Posit AI Blog: Word Embeddings with Keras

Introduction
Word embedding is a method used to map words of a vocabulary to
dense vectors of real numbers where semantically similar words are mapped to
nearby points. Representing words in this vector space help
algorithms achieve better performance in natural language
processing tasks like syntactic parsing and sentiment analysis by grouping
similar words.
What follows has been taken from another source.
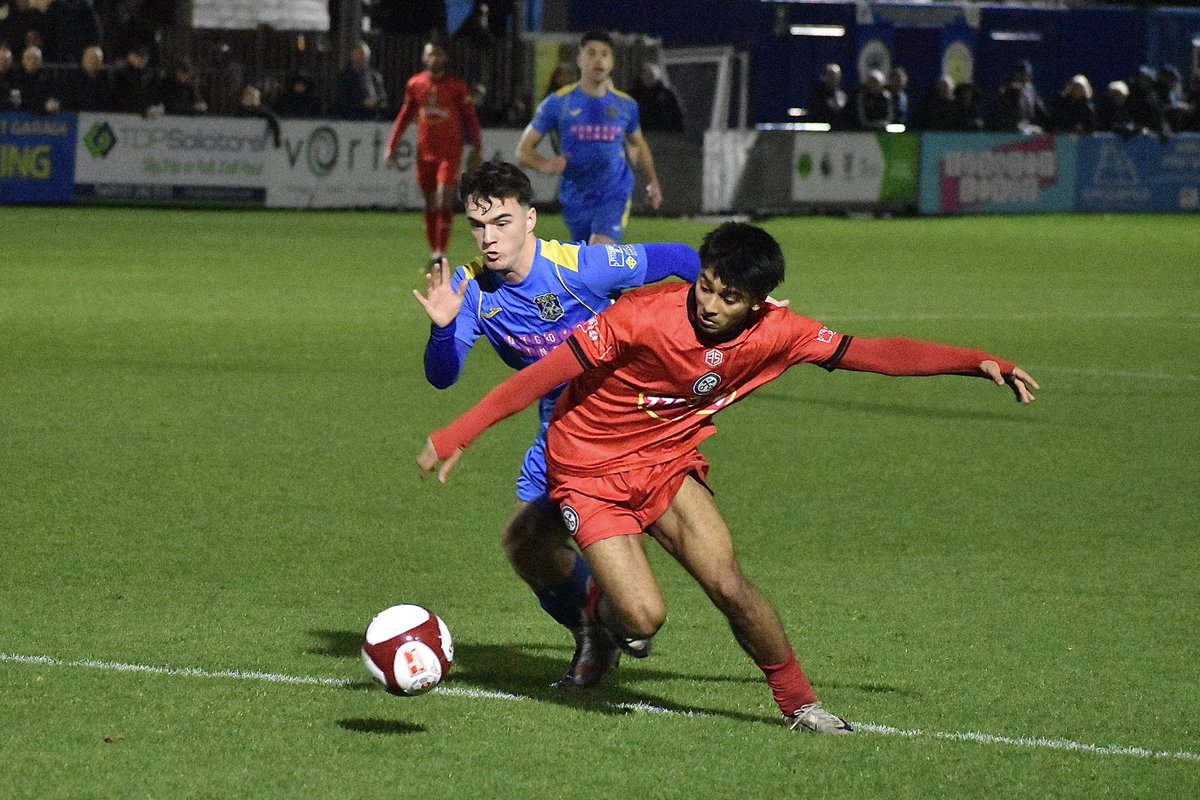 Looking forward to my firstever trip tomorrow to Keys Park to watch the @NorthernPremLge West Division game between @Hednesford_Town and @Bootle_FC 
Pictures are from Hednesfords win at Bootle earlier this season 📸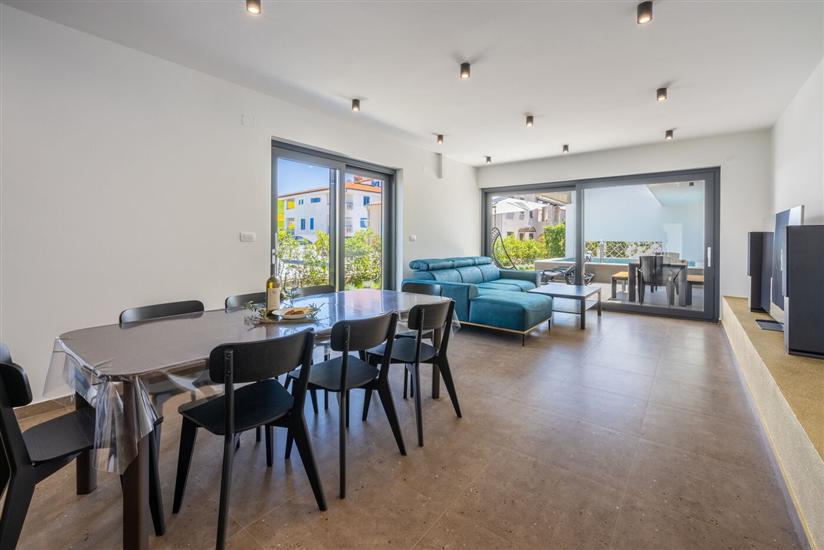 House K1, for 8 persons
For example, we expect that in the embedding space
“cats” and “dogs” are mapped to nearby points since they are
both animals, mammals, pets, etc.
In this tutorial we will implement the skip-gram model created by Mikolov et al in R using the keras package.
The skip-gram model is a flavor of word2vec, a class of
computationally-efficient predictive models for learning word
embeddings from raw text. We won’t address theoretical details about embeddings and
the skip-gram model. If you want to get more details you can read the paper
linked above. The TensorFlow Vector Representation of Words tutorial includes additional details as does the Deep Learning With R notebook about embeddings.
There are other ways to create vector representations of words. For example,
GloVe Embeddings are implemented in the text2vec package by Dmitriy Selivanov.
There’s also a tidy approach described in Julia Silge’s blog post Word Vectors with Tidy Data Principles.
Getting the Data
We will use the Amazon Fine Foods Reviews dataset.
This dataset consists of reviews of fine foods from Amazon. The data span a period of more than 10 years, including all ~500,000 reviews up to October 2012. Reviews include product and user information, ratings, and narrative text.
Data can be downloaded (~116MB) by running:

download.file(“https://snap.stanford.edu/data/finefoods.txt.gz”, “finefoods.txt.gz”)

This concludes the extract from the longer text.